Второй случай связан с наблюдавшимся как в дореволюционный, так и в советский период историческим перекосом в сторону преимущественного развития железнодорожной и речной инфраструктуры за счет строительства автодорожной сети. Не было бы такого крена, территориальное развитие многих регионов и система расселения в целом имели бы иные очертания, отличались бы большей сбалансированностью, а нынешняя транспортная инфраструктура, возможно, не работала бы с такими перегрузками и диспропорциями, как сегодня.

Возвращаясь к тому, с чего начали – к методологической проблематике, следует отметить, что нередко в контрфактических исследованиях прошлого с выводной частью имеются известные трудности. Так, в уже цитировавшейся работе В.Нехамкина переломные моменты 1917, 1929 и 1991 гг. соотносятся с «объективным ходом исторических событий», а 1953 и 1985 гг. – почему-то связаны с «действием личностей». Вероятно, подобными же шероховатостями грешат и некоторые приводимые здесь рассуждения, не фундированные необходимым эмпирическим материалом и пошаговым анализом.
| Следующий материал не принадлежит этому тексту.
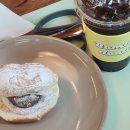 송원다방 이미지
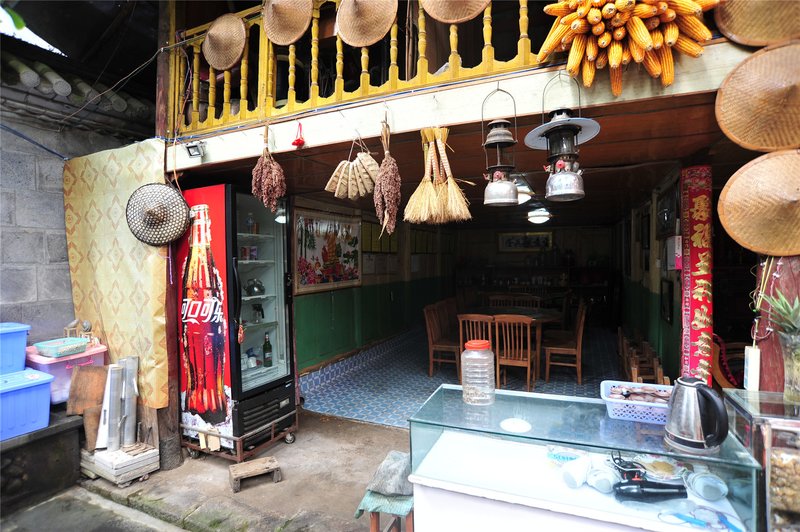 Teachers HomeOver view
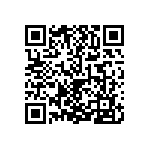 1812J0160224MDT QRCode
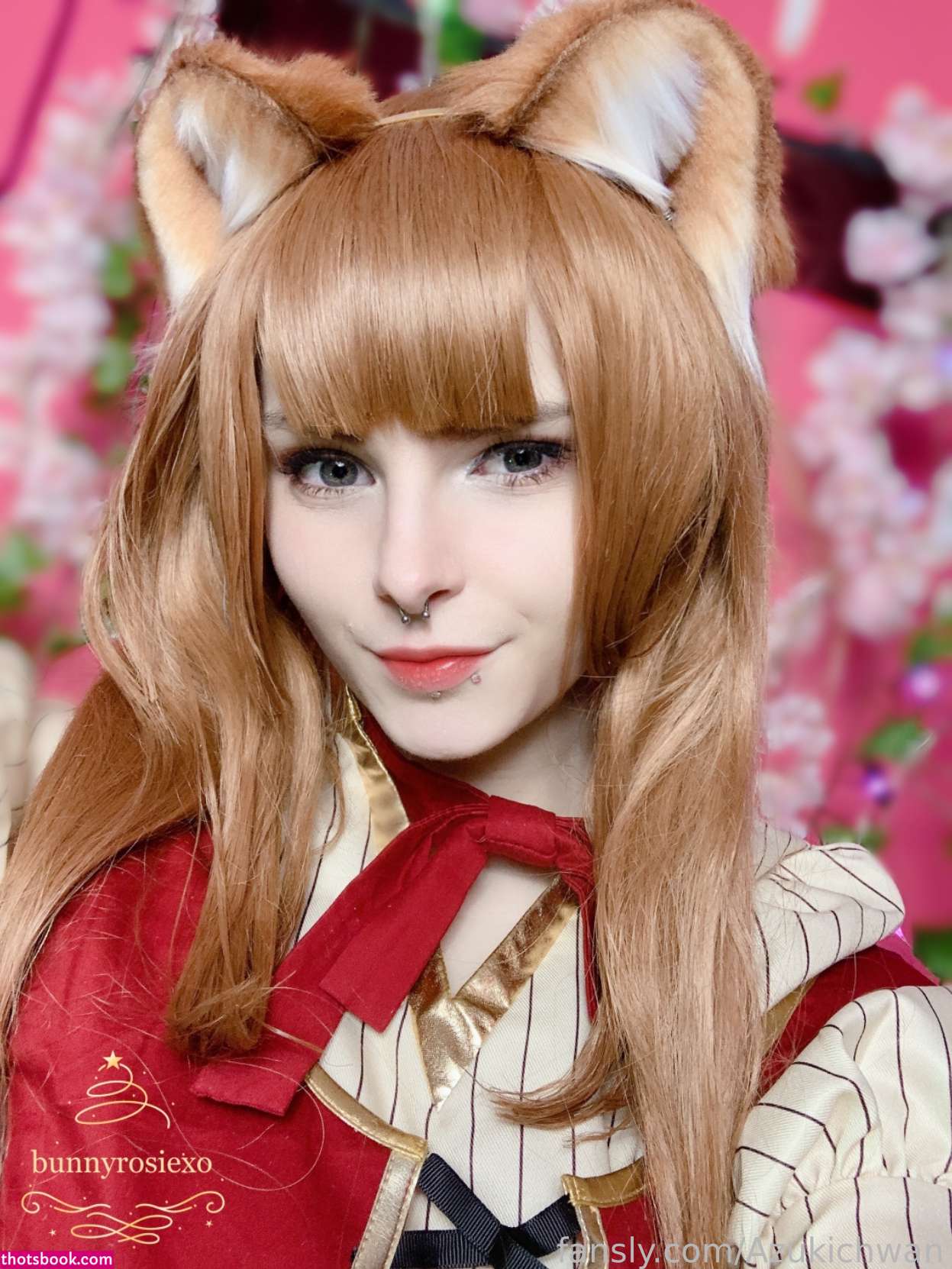 Azukichwan Photo #61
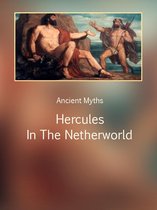 Hercules In The Netherworld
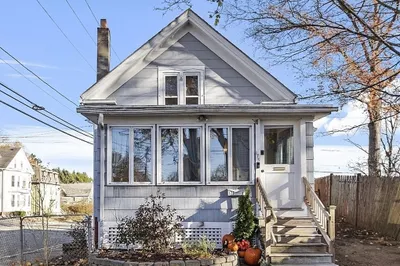 175 Summer St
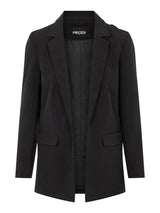 Pieces Bossy - Lang blazer - HUSET Men & Women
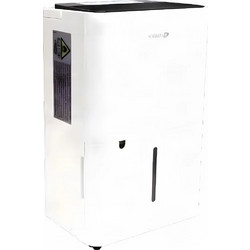 Nordstar TN12L02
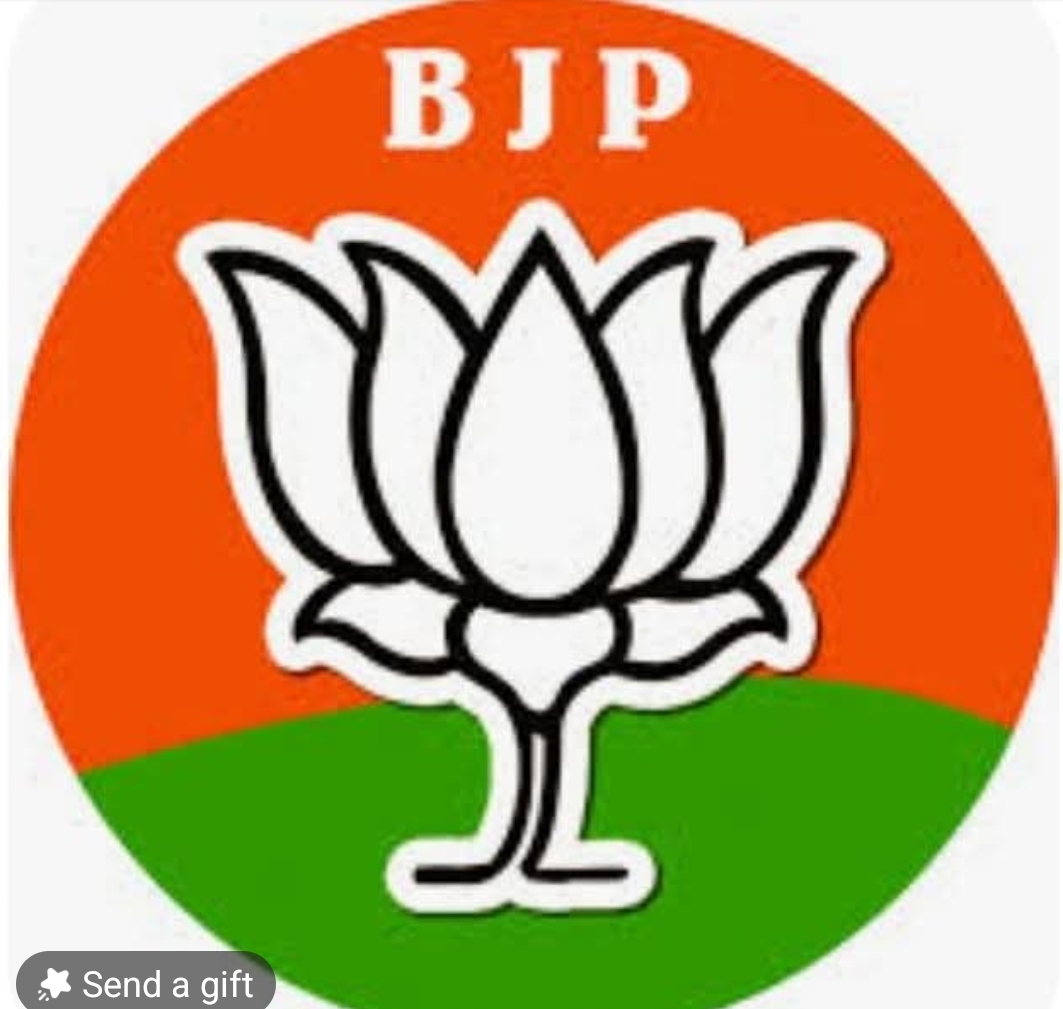 राज्यसभा चुनाव की घोषणा जल्द, भाजपा उम्मीदवार देने की तैयारी में, दिलचस्प और महत्वपूर्ण होगा चुनाव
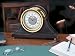 Weems & Plath Anniversary Collection Instrument Wood Base
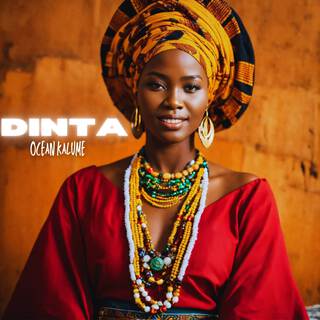 Dinta (Remix)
И последнее – относительно прогностической составляющей ретроальтернативистики. Любой, казалось бы, самый «безмятежный» исторический сценарий не может не нести в себе негативной оборотной стороны, которая до поры до времени остается нераспознаваемой, непредсказуемой. К примеру, утверждение средового подхода оказалось чреватым поверхностным воспроизведением внешних признаков контекста, а лавинообразный рост подмосковных загородных поселков, позиционируемых как место постоянного проживания, имеет своим следствием их последующую перефункционализацию под сезонный режим функционирования. Как же в этой перспективе ранжировать и выбирать наличествующие альтернативы - уже не говоря о том, кто, собственно, будет это делать? И вообще – может ли перебор контрфактических версий архитектурной (и не только) истории предотвратить будущие дисфункции или содействовать в выборе перспективных вариантов эволюции? Тем паче что где-где, а в России исторические уроки остаются втуне.

И все же, несмотря на множество возникающих «но», было бы опрометчиво ставить крест на архитектурном прогнозировании как научной дисциплине и управленческом инструменте. Контрфактическим же исследованиям прошлого может быть отведена своя - пусть и скромная - роль.


1. См.: Нехамкин В. Контрфактические исторические исследования и синергетика (Пути взаимодействия) // Общественные науки и современность, 2006, №5, с.124.